Step 1: Launch an Inferentia instance#

In this step, you will launch an Inf2 instance using the AWS Deep Learning AMI.

Launch an Inf2.xlarge instance with the latest Deep Learning AMI:

aws ec2 run-instances \
    --image-id resolve:ssm:/aws/service/deep-learning-base-neuron/ubuntu-22-04/latest \
    --instance-type inf2.xlarge \
    --key-name YOUR_KEY_NAME \
    --security-group-ids YOUR_SECURITY_GROUP \
    --subnet-id YOUR_SUBNET_ID

Note

Replace YOUR_KEY_NAME, YOUR_SECURITY_GROUP, and YOUR_SUBNET_ID with your values.

Alternatively, launch the instance through the EC2 Console.

Connect to your instance via SSH:

ssh -i YOUR_KEY.pem ubuntu@YOUR_INSTANCE_IP

Verify Neuron devices are available:

neuron-ls

You should see output showing available NeuronCores:

+--------+--------+--------+---------+
| NEURON | NEURON | NEURON |   PCI   |
| DEVICE | CORES  | MEMORY |   BDF   |
+--------+--------+--------+---------+
| 0      | 2      | 32 GB  | 00:1e.0 |
+--------+--------+--------+---------+

Step 2: Set up your environment#

In this step, you will create a Python virtual environment and install PyTorch with Neuron support.

Create and activate a virtual environment:

python3 -m venv neuron_env
source neuron_env/bin/activate

Install PyTorch Neuron and dependencies:

pip install torch-neuronx neuronx-cc --extra-index-url=https://pip.repos.neuron.amazonaws.com

Verify the installation:

python -c "import torch; import torch_neuronx; print(f'PyTorch: {torch.__version__}')"

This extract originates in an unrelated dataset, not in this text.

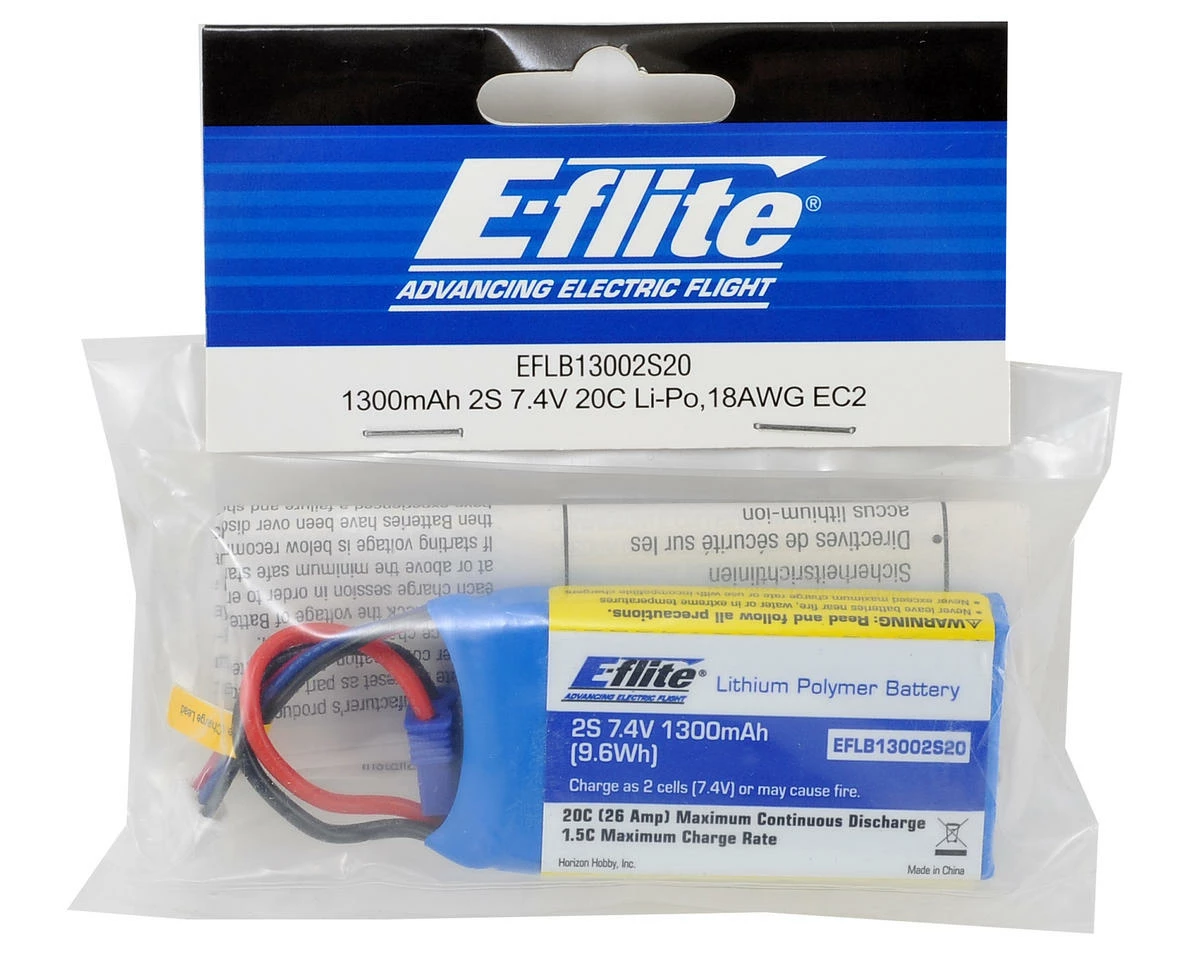 Wholesale π E-flite 2S LiPo Battery 20C (7.4V/1300mAh) w/EC2 Connector β€οΈ 2 Wholesale π E-flite 2S LiPo Battery 20C (7.4V/1300mAh) w/EC2 Connector β€οΈ - Image 2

You should see output confirming PyTorch is installed:

PyTorch: 2.9.0+cpu

Step 3: Compile a model for Neuron#

In this step, you will create a simple model and compile it for Neuron inference.

Create a file named compile_model.py:

import torch
import torch.nn as nn
import torch_neuronx

# Simple neural network
class SimpleNet(nn.Module):
    def __init__(self):
        super().__init__()
        self.fc1 = nn.Linear(784, 128)
        self.fc2 = nn.Linear(128, 10)
        self.relu = nn.ReLU()

    def forward(self, x):
        x = self.relu(self.fc1(x))
        return self.fc2(x)

# Create model and set to eval mode
model = SimpleNet()
model.eval()

# Create example input
example_input = torch.randn(1, 784)

# Trace and compile for Neuron
print("Compiling model for Neuron...")
neuron_model = torch_neuronx.trace(model, example_input)

# Save compiled model
neuron_model.save('simple_net_neuron.pt')
print("Model compiled and saved to simple_net_neuron.pt")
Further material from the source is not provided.